Elsevier

Information Sciences

Volume 547, 8 February 2021, Pages 870-886
Information Sciences

A differential evolution based feature combination selection algorithm for high-dimensional data

https://doi.org/10.1016/j.ins.2020.08.081Get rights and content

Abstract

Feature combination selection is used in object classification to select complementary features that can produce a powerful combination. One active area of selecting feature combinations is genome-wide association studies (GWAS). However, selecting feature combinations from high-dimensional GWAS data faces a serious issue of high computational complexity. In this paper, a fast evolutionary optimization method named search-history-guided differential evolution (HGDE) is proposed to deal with the problem. This method applies the search history memorized in a binary space partitioning tree to enhance its power for selecting feature combinations. We perform a comparative study on the proposed HGDE algorithm and other state-of-the-art algorithms using synthetic datasets, and later employ the HGDE algorithm in experiments on a real age-related macular degeneration dataset. The experimental results show that this proposed algorithm has superior performance in the selection of feature combinations. Moreover, the results provide a reference for studying the functional mechanisms of age-related macular degeneration.

Introduction

High-dimensional data are becoming increasingly common in various fields, and one of the most active areas of high-dimensional data analysis is genome-wide association studies (GWAS) [5], [19], [46]. GWAS are undertaken with the purpose of detecting the associations between single nucleotide polymorphisms (SNPs) and traits like major human diseases.

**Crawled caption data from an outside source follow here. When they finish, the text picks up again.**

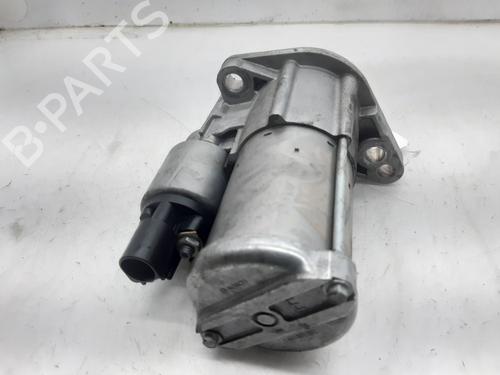 Starter SEAT ATECA (KH7, KHP) 1.0 TSI | BP7282122M8 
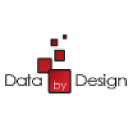 dataxdesign.com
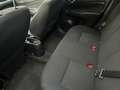 Nissan Note 1.2 Note 2016 - thumbnail 10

Although some achievements of GWAS have been made in the identification of single-locus SNPs associated with Mendelian diseases, detecting susceptible SNPs related to complex diseases faces significant obstacles. One of the prime reasons for this is that the attack of numerous complex diseases would be affected by the interaction between SNPs. Such interactive effects of SNPs are called epistasis or epistatic interactions [36], [6], [43]. The comprehension of disease-associated epistatic interactions has significant value in the study of the pathogenesis of complex diseases, disease prevention, and research of biological medicine [21], [18], [31].

A GWAS dataset contains thousands of SNP combinations, but only a small fraction are associated with the disease. In this work, the problem of identifying disease-associated combinations is treated as a feature combination selection problem. However, selecting feature combinations from high-dimensional data faces serious computational challenges. For instance, it takes approximately 1.25×109 statistical tests to find the pairwise combinations from 50,000 SNPs genotyped in thousands of samples.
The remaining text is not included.